Too often, many in Utah's congressional delegation, including my representative, Rob Bishop, ignore the importance of protecting public lands in Utah.

Perhaps they've forgotten the legions of Utah hunters and anglers who use these public lands and waters and are passionate about protecting them. We care not only for our own ability to hunt and fish, but also so our children and grandchildren can have the same experience years from now.

Hunters and anglers rely on public land to pursue our passion. Sportsmen (and women) know that undisturbed, protected public lands are the natural habitats that provide ample game and fish. Most of us don't have access to vast tracts of private property for hunting and fishing, so these public "common lands" are our birthright and heritage.

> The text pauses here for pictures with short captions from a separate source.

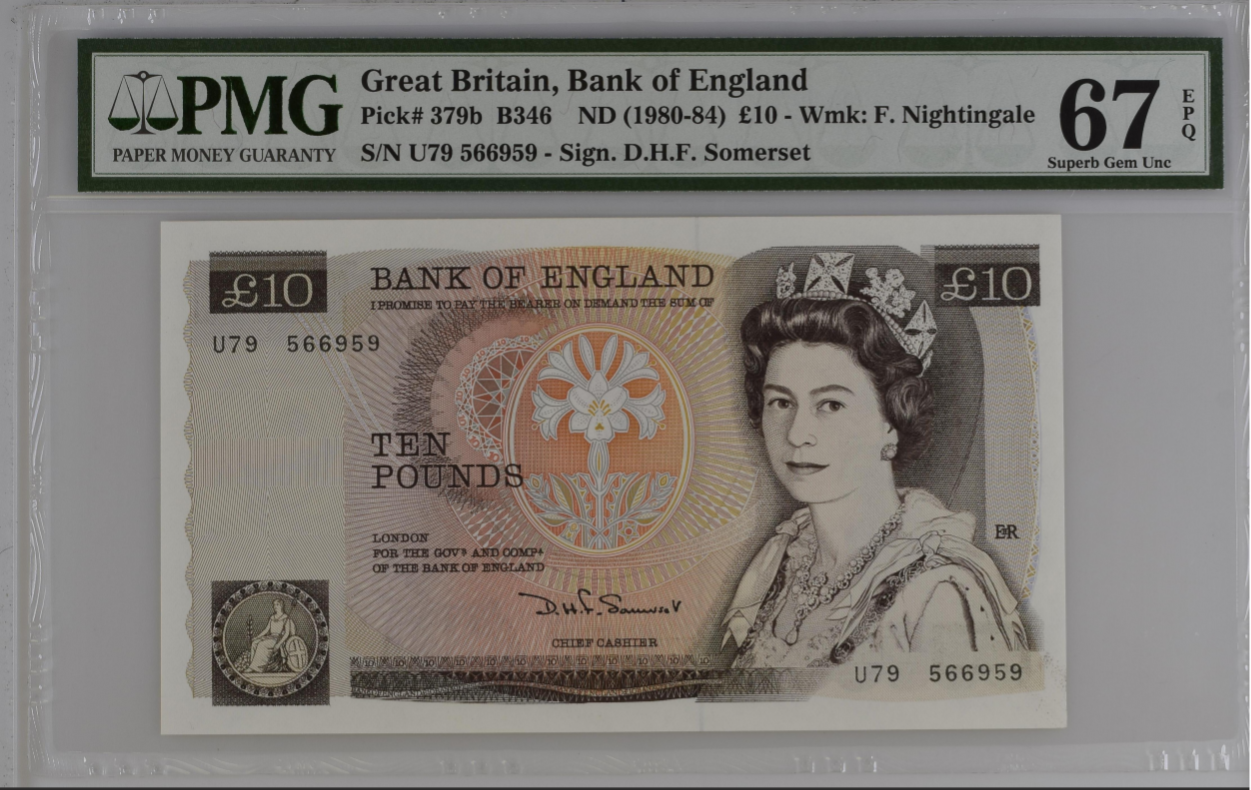 Great Britain 10 Pounds ND (1980-84) P 379b UNC PMG 67 EPQ 3rd TOP POP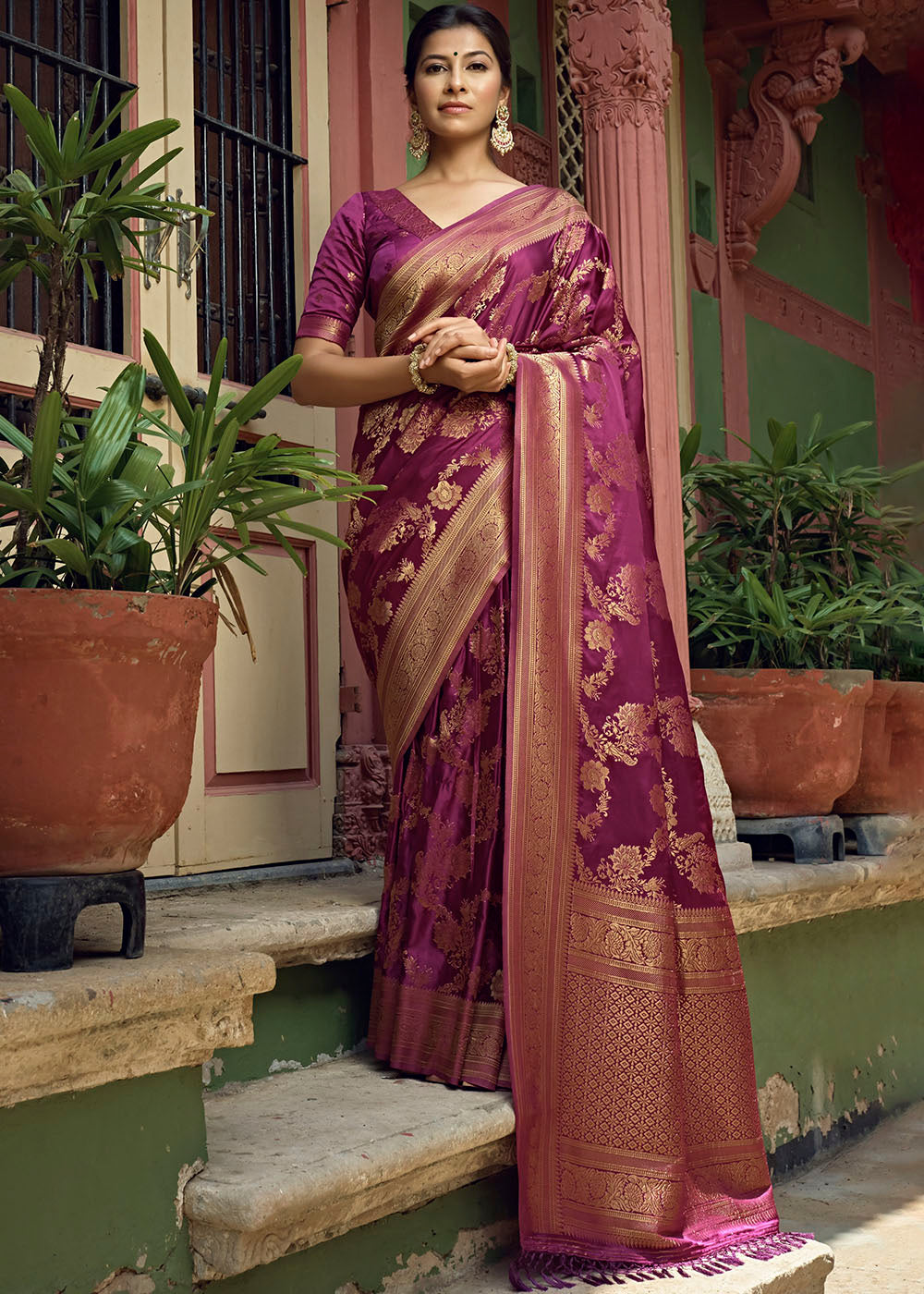 Dark Magenta Purple Woven Designer Satin Silk Saree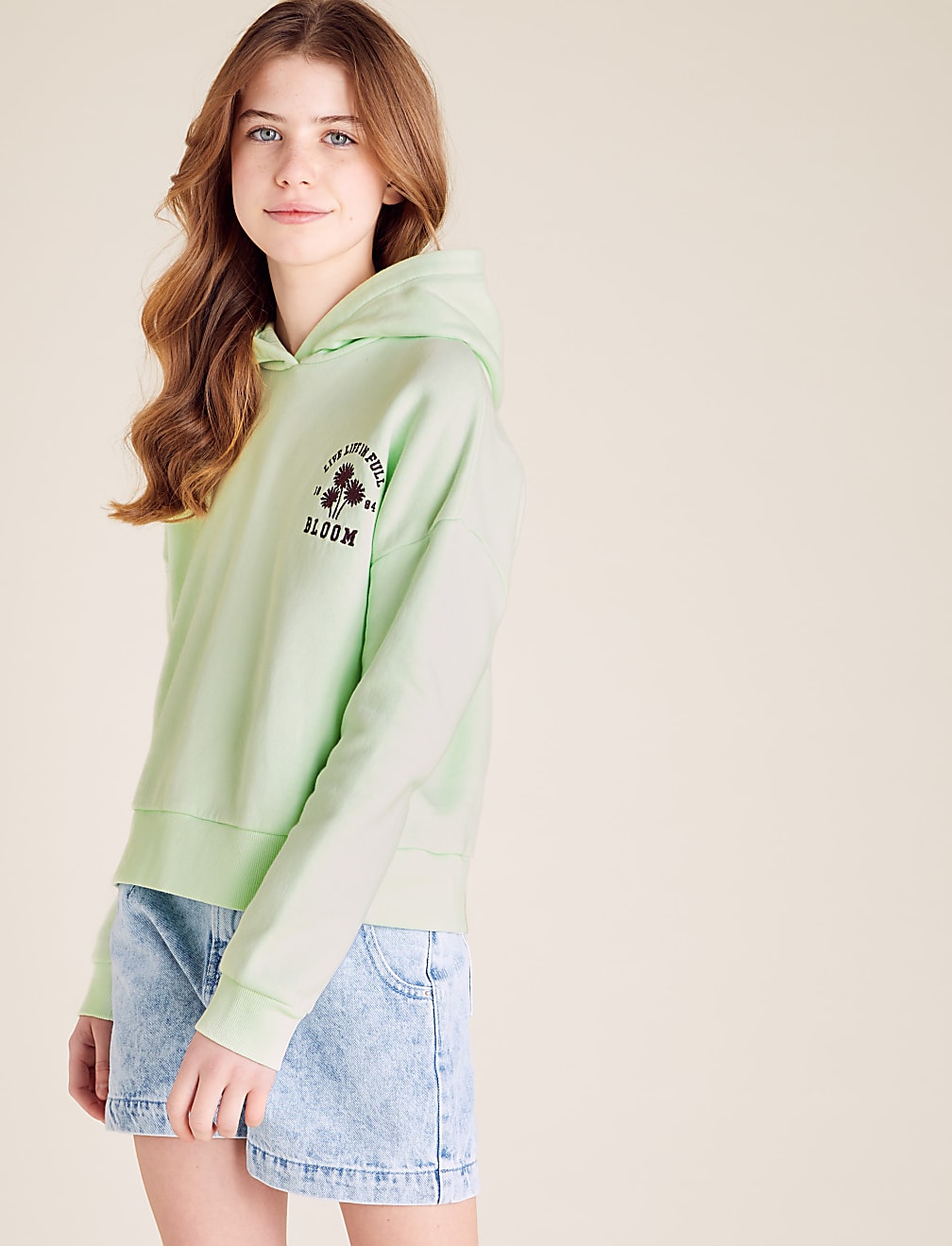 Cotton Flower Embroidered Slogan Hoodie (6-14 Yrs)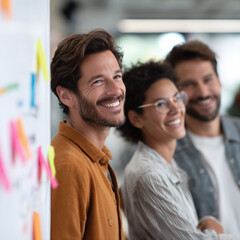 Poster - Focused team of diverse professionals, smiling, standing together with a whiteboard of ideas. Represents collaboration, innovation, and success.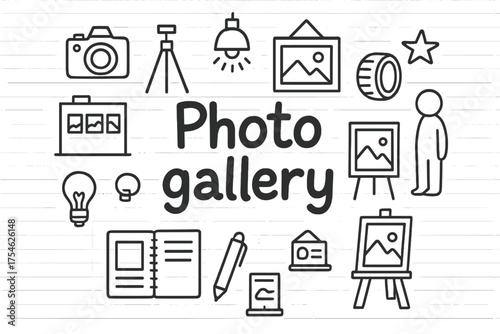 Doodle Photo Gallery Design. Photo gallery. Hand-drawn doodle illustration of Photo gallery. Camera, tripod,
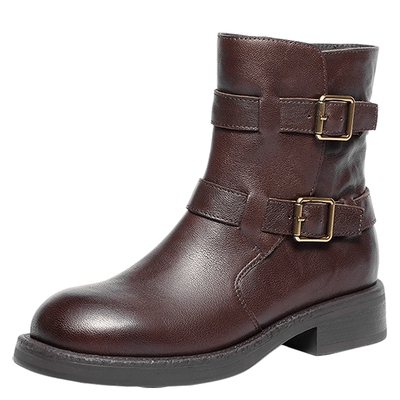 森达羊皮复古西部靴女2025冬新商场同款皮带扣机车风中筒靴XTP01
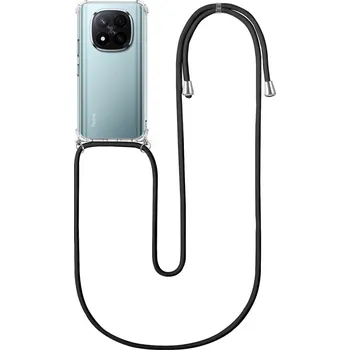 Pouzdro na mobilní telefon Kryt Xiaomi Redmi Note 14 Pro+ 5G s černou šňůrkou průhledný (obal neboli pouzdro na Xiaomi Redmi Note 14 Pro+ 5G)
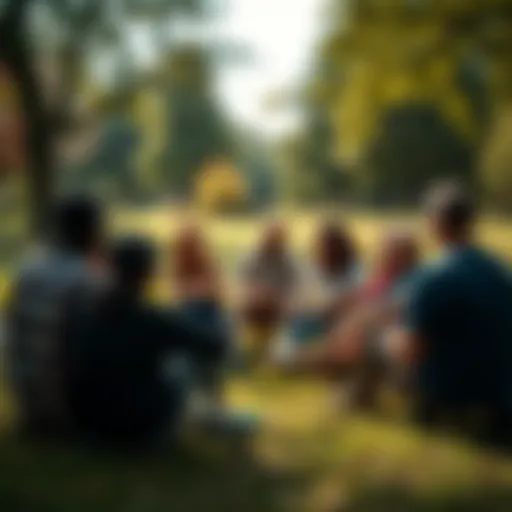 A diverse group of people sitting in a circle, discussing and sharing ideas in a park setting, fostering connections and support.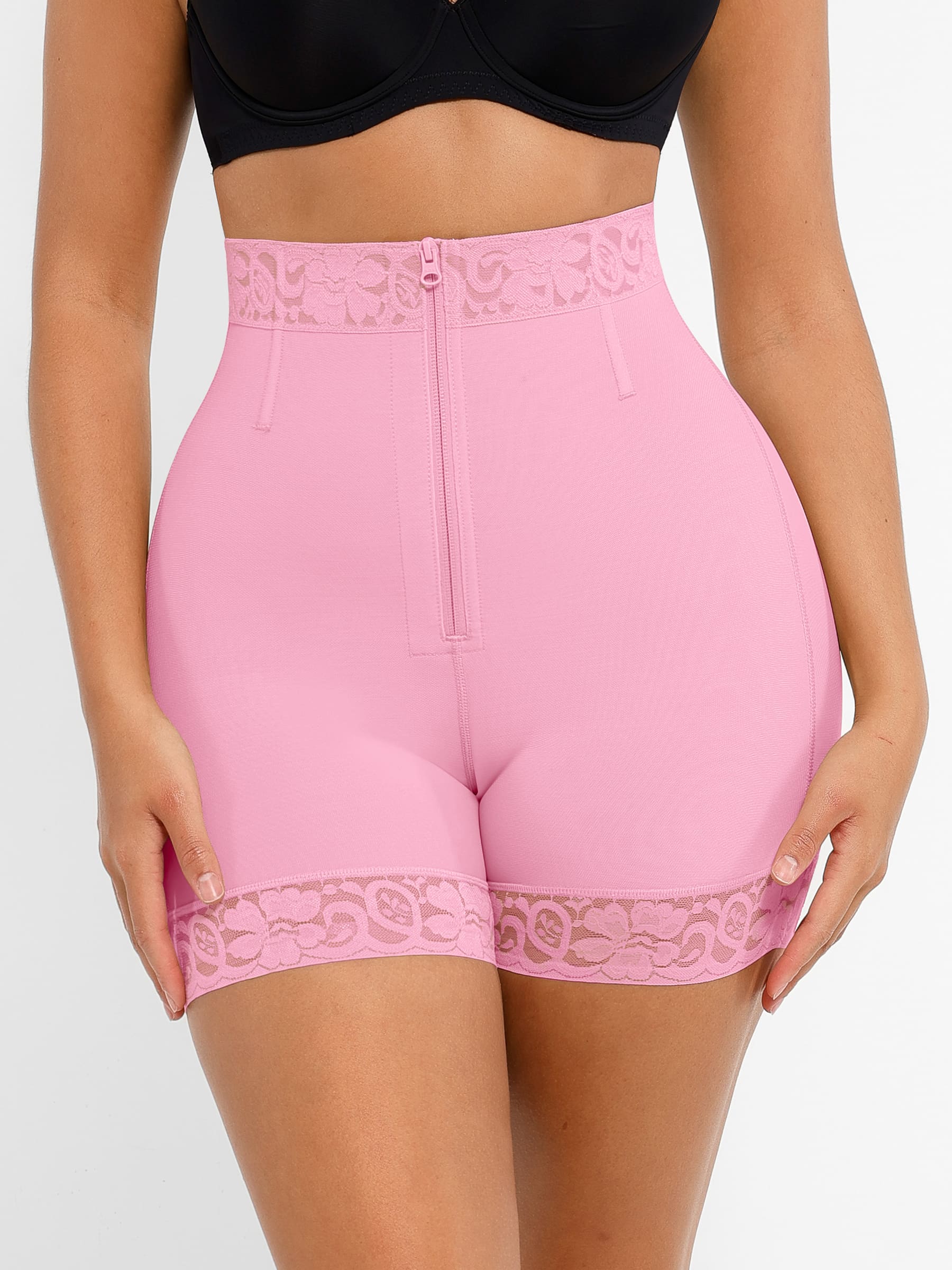 Shapevive Tummy Control Shaping Shorts Butt Lifter with Clasps and Zipper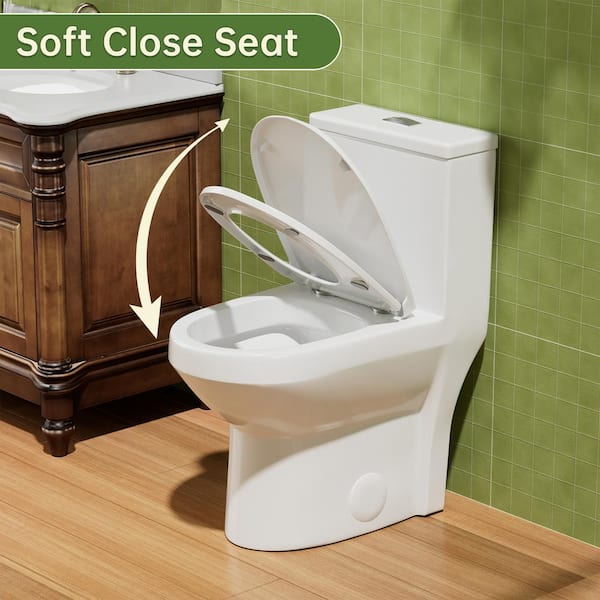 Simple Project 1-Piece 0.8/1.28 GPF Dual Flush Round Compact Toilet in  White, Seat Included HD-US-OT-6-02 - The Home Depot
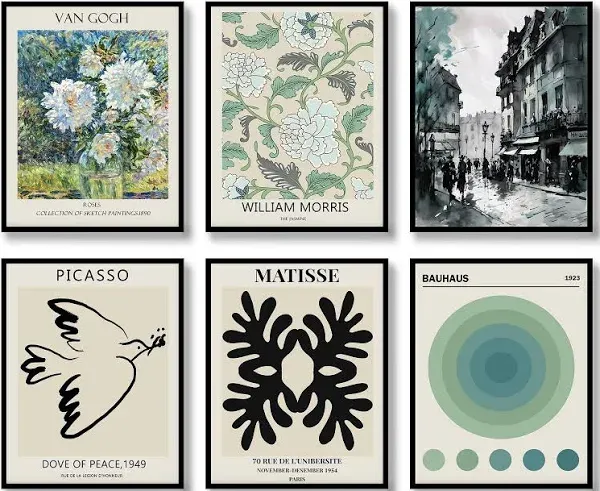 Retro Wall Art Prints Set of 6 Positive Vintage Posters Famous Abstract Illus...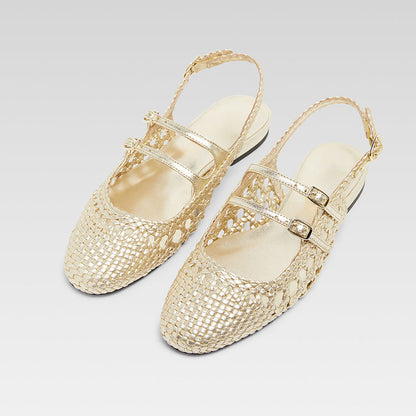Gold Woven Round Toe Buckled Strappy Mary Jane Flats with Slingback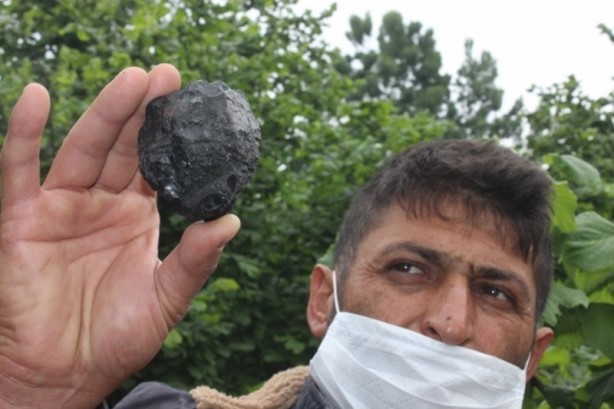 Foto - Ot biçerken bahçede gök taşı buldu
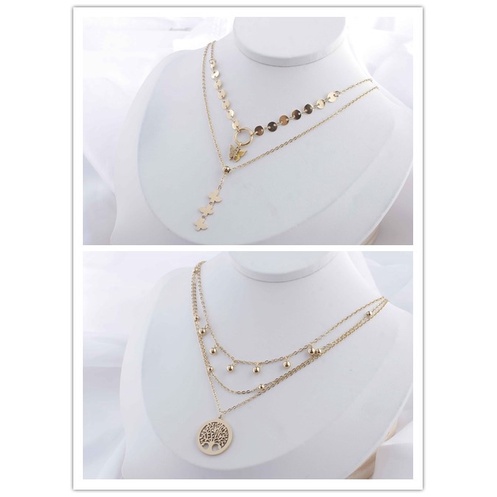 Kalung Titanium 2Rantai Anti Karat Perhiasan Fashion 8839/282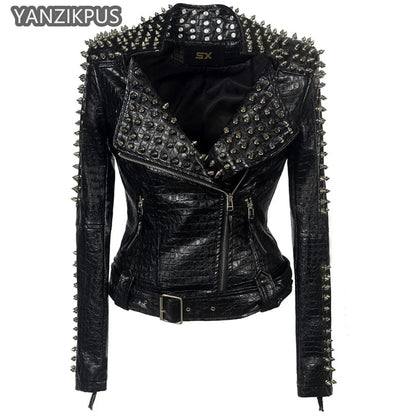 2025 Steampunk Rock Rivet Women's Leather Jacket Slim Short Streetwear Gothic Embroidery PU Leather Locomotive Coat Femme SS69
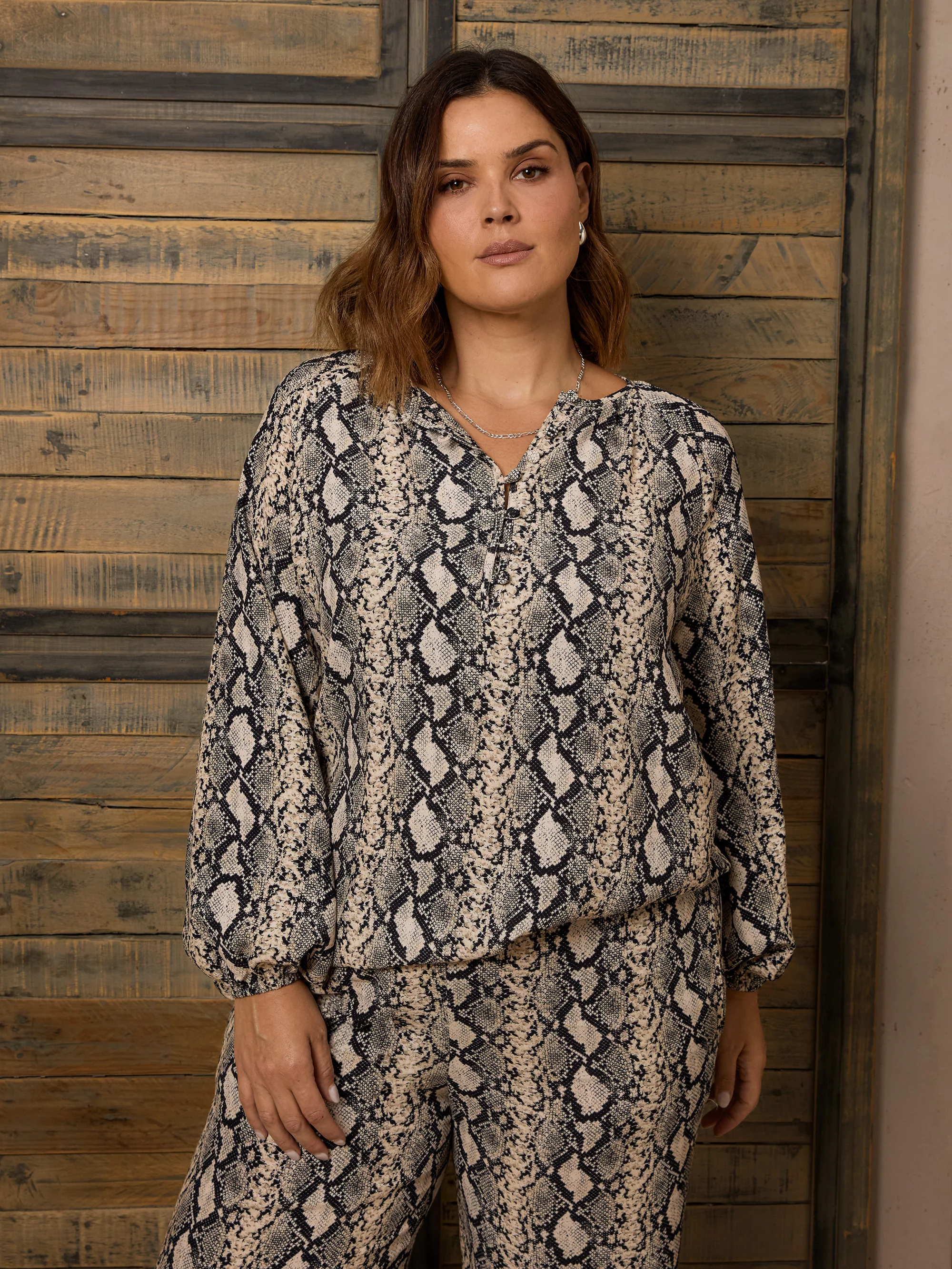 Snake Print Button Front Blouse - Image 5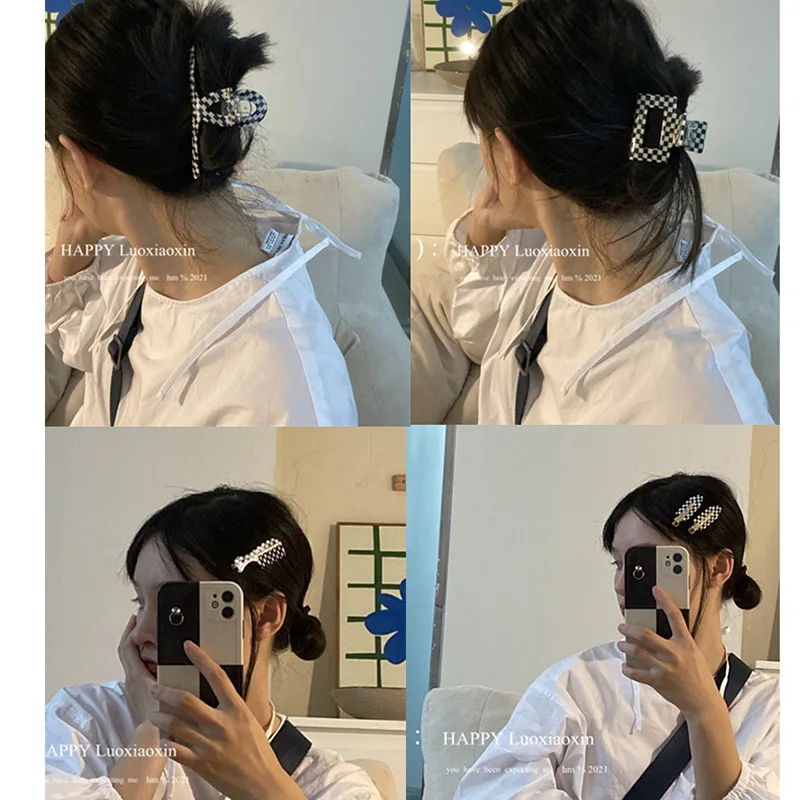 

Черная белая доска задняя головка захватывающий зажим большая шпилька для волос женская натуральная сетка красный маленький захватывающи...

As an avid outdoorsman, I've seen firsthand the havoc to game populations that new roads and development can have on an area that previously had abundant wildlife. Because I love to hunt, I often pack miles into public lands with my horses to find quality hunting ground not impacted by roads and vehicles.

But not everyone has the time or energy to do this. Think of the hunter who grabs his son after work on a Friday night and needs to find a place where he can park his rig and find abundant game nearby. These places are getting harder and harder to find, as more development impacts wildlife habitat.

If more sportsmen knew what was going on in Washington these days, Congress would have an uprising on its hands. For starters, Reps. Bishop and Jason Chaffetz have co-sponsored a bill to completely remove wilderness-like protections from 5.1 million acres of public lands in Utah. This legislation, spearheaded by House Majority Whip Kevin McCarthy, R-Calif., would open up many prime hunting areas protected by BLM Wilderness Study Areas or Forest Service Roadless Rules to new roads, logging, mining, and other development destructive to wildlife populations.

I'm not saying that every one of those 5.1 million acres is equally deserving of protection, but removing all restrictions, without even a thought about their importance to hunting and fishing, is just shortsighted.

The McCarthy bill is just the start. The proposed 2012 House Interior Appropriations bill has dramatic cuts to key conservation programs that have been hugely beneficial to Utah hunters and anglers. The North American Wetlands Conservation Fund, which has preserved and improved key duck hunting wetlands around the Great Salt Lake, is proposed to be cut by 50 percent. That's after a 21 percent cut last year.

Another program, the Land and Water Conservation Fund, which has opened up access to hunting areas across Utah, is scheduled for a 70 percent cut. Earlier this year, Rep. Bishop supported eliminating these programs.

Another attempt by Congress to poach public land protections would prohibit using funds for new national monuments designated by the president under the Antiquities Act. This law has been used by presidents, both Republican and Democrat, to protect important public lands across our nation, including Giant Sequoia, Vermillion Cliffs, Grand Staircase-Escalante, Upper Missouri River Breaks, and Carrizo Plain. Just think of the combined economic impact of hunting, fishing, and other recreation in those areas alone.

You can see from this picture that an unprecedented attack on public lands protections is under way. I call on my fellow hunters and anglers to be informed and get involved. Let's not let our proud history of standing up for public land and water be forgotten.

John Pollard is co-chair of Backcountry Hunters and Anglers. A Summit County resident, he regularly hunts elk on horseback in the Uinta Mountains.